All of these options were worth exploring, but the tastiest version (by a group vote) was the recipe the way my grandmother had originally written it. Luckily it’s the easiest method too!

This 2-bite cookie is hearty, subtly sweet, and can be filled with a variety of fruit, chocolate, and/or nut fillings.

I usually use apricot or raspberry jam but experimented with Nutella in this recent batch. The variation with Nutella and a sprinkle of chocolate chips was quite good! 

When the dough is baked, the cinnamon and cream cheese create a beautiful aroma. This was my favorite part!

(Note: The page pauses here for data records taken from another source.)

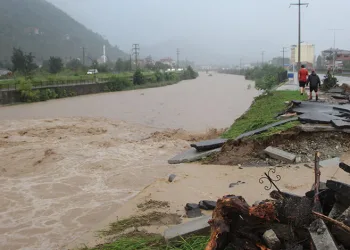 Trabzon’u sağanak vurdu, hastane tahliye edildi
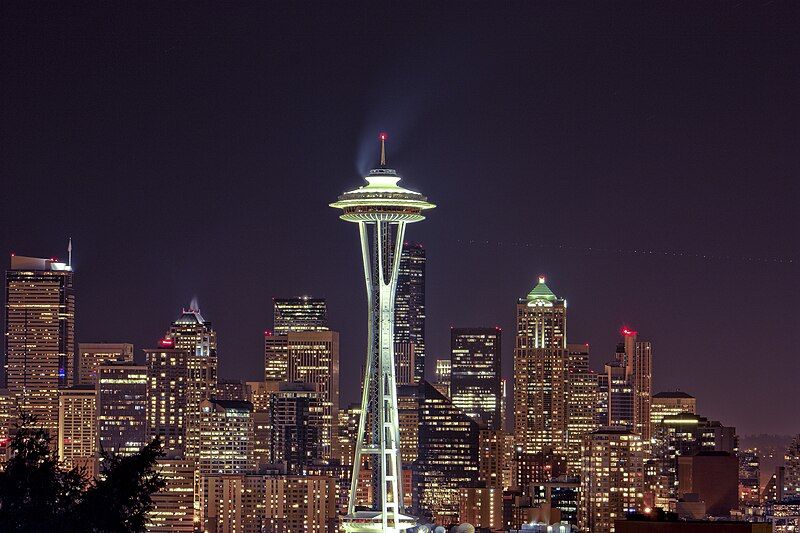 File:Y Space-Needle-at-Night.jpg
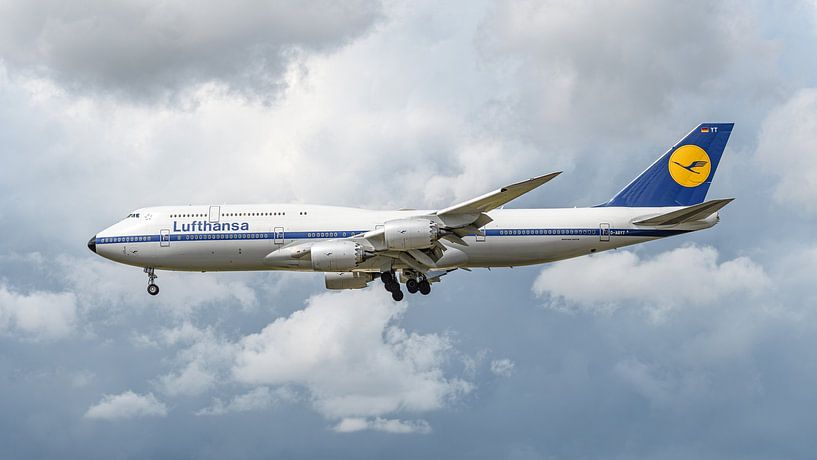 Nostalgie! Lufthansa Boeing 747-8 in retro livery. van Jaap van den Berg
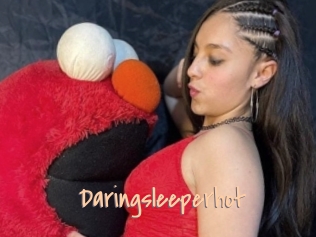 Daringsleeperhot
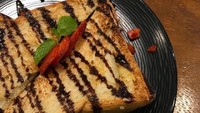 Cukup kucuri roti panggang dengan saus cokelat lalu taburi strawberry segar yang dicincang. Foto : Instagram!@explorefoodsandra
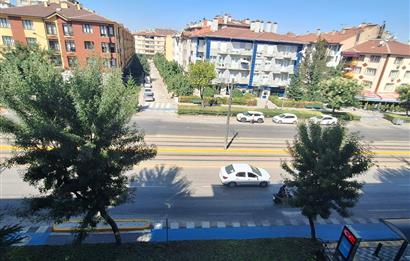 CENTURY 21 VİZYON'DAN ALİ FUAT GÜVEN BLV'NDA KİRALIK 2+1 DAİRE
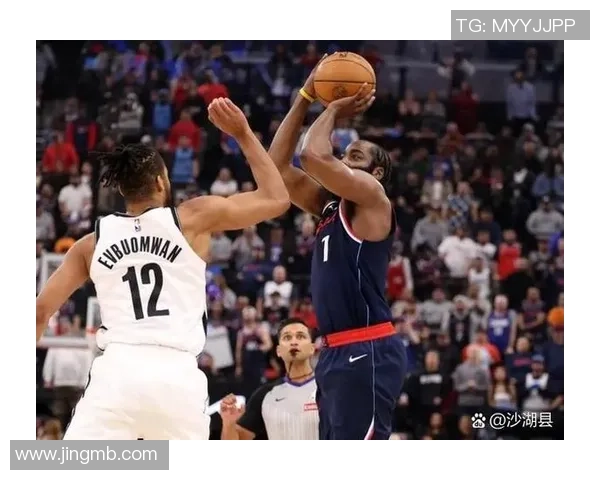 篮网与快船激战第四节精彩回顾2月22日赛场瞬间回放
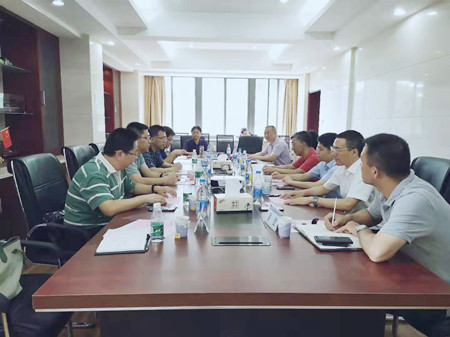 西南大學考察2_副本.jpg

These cookies will be devoured quickly, but if you have leftovers you can store them in an airtight container at room temperature for several days. If you decided to make a smaller batch and have leftover dough it can be kept wrapped in the freezer for a few weeks. Per King Arthur Baking Company, unbaked rolled rugelach can also be kept in the freezer. Just remember to thaw in the refrigerate overnight before baking.

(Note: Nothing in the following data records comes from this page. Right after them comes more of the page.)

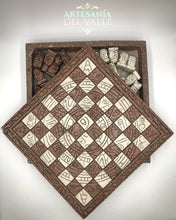 Load image into Gallery viewer, Ajedres de Cacao y Leche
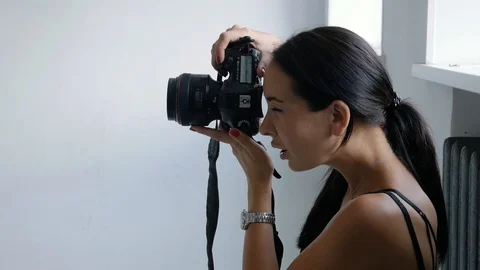 Photographer working in studio 스톡 동영상 116336367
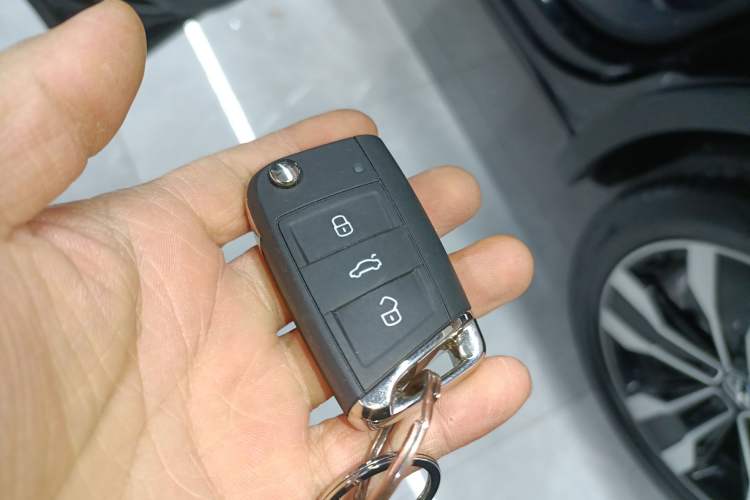 Used Volkswagen Tiguan L 2023 Restyled 330TSI Automatic Two-Wheel Drive R-Line Flagship Edition
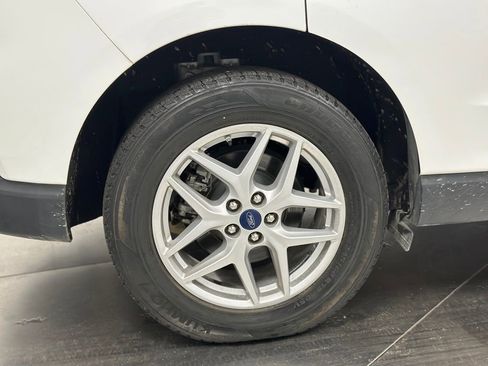 Used 2021 Ford Edge SE FWD image 24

Of note, rugelach contains dairy, which means these cannot be enjoyed after a meal in which meat was served in a kosher home. If bringing this to a home where strict kosher laws are observed, you may want to opt for a non-dairy dessert if you are unsure what the rest of the menu will be.

This 2-bite cookie is hearty, subtly sweet, and can be filled with a variety of fruit, chocolate, and/or nut fillings.

Whether you call it strudel, rugelach, a pastry, or a cookie, I hope you love it as much as my family does. When you are ready to fill and roll, bring the kids or grandkids in the kitchen to make it with you – it’s fun, easy, forgiving, and perfect for your next holiday gathering!

Grandma's Rugelach
Yield: 8-10 pieces per roll (30-40 pieces total)
Call it rugelach or call it strudel - either way, this recipe is a traditional European Jewish dessert that's often served during Hanukkah but can be enjoyed any time of year!
Ingredients
  • ½ pound (8oz) cream cheese, well softened
  • ½ pound (8oz) butter, well softened
  • 2 tablespoons (24g) sugar
  • 2 cups (250g) flour
  • 8 tablespoons jam or spread of your choice*; 2 tablespoons per roll
  • 8 tablespoons chopped walnuts; 2 tablespoons per roll
  • 4 teaspoons cinnamon; 1 teaspoon per roll
Indtructions
  1. Mix cream cheese, butter, sugar, and flour until well combined. I like to start with an electric mixer to get everything well mixed. After about a minute, I use my hands to bring into a large ball. At this point, the dough should come together fairly easily.
  2. Form the dough into a ball with your hands and wrap in plastic wrap (or tin foil, which is how my grandmother did it) to refrigerate for at least two hours, or ideally overnight**
  3. Pre-heat the oven to 350℉.
  4. Cut the dough into quarters. You may use one quarter at a time, depending how many cookies you would like to make.
  5. Roll each piece of dough onto floured surface and into a medium-sized circle, approximately 9 inches in diameter.
  6. Using the back of the spoon, spread jam (or Nutella) in a thin layer over the dough, leaving about half an inch border – similar to saucing a pizza crust.
  7. Sprinkle the nuts over the jam.
  8. Sprinkle the cinnamon over the entire dough, including the edges.
  9. Roll (like a jelly roll) and pinch the ends closed.
  10. Place on a cookie sheet, seam side down, and bake 30-40 minutes until golden brown.
  11. Allow to cool, and then transfer to a cutting board.
  12. Cut 8-10 slices, horizontally, using a serrated knife. It may be a little crumbly (this is normal), but you should see a beautiful swirl design on the inside.
Notes

*You may use any jam, though our family uses raspberry and apricot. If using apricot, remove large chunks of fruit. You may need to puree to smooth if using a chunkier preserve. We’ve also tried Nutella, which is very good – it does lose some of its richness in the baking process, but when we added chocolate chips it really elevated this to a delicious cookie.

Storage & Freezing: Once baked, the cookies can be kept in an airtight container at room temperature for several days or frozen for longer storage.

The dough and the pre-baked cookies may also be frozen for a few weeks before making. Make sure to thaw in the refrigerator overnight before rolling out.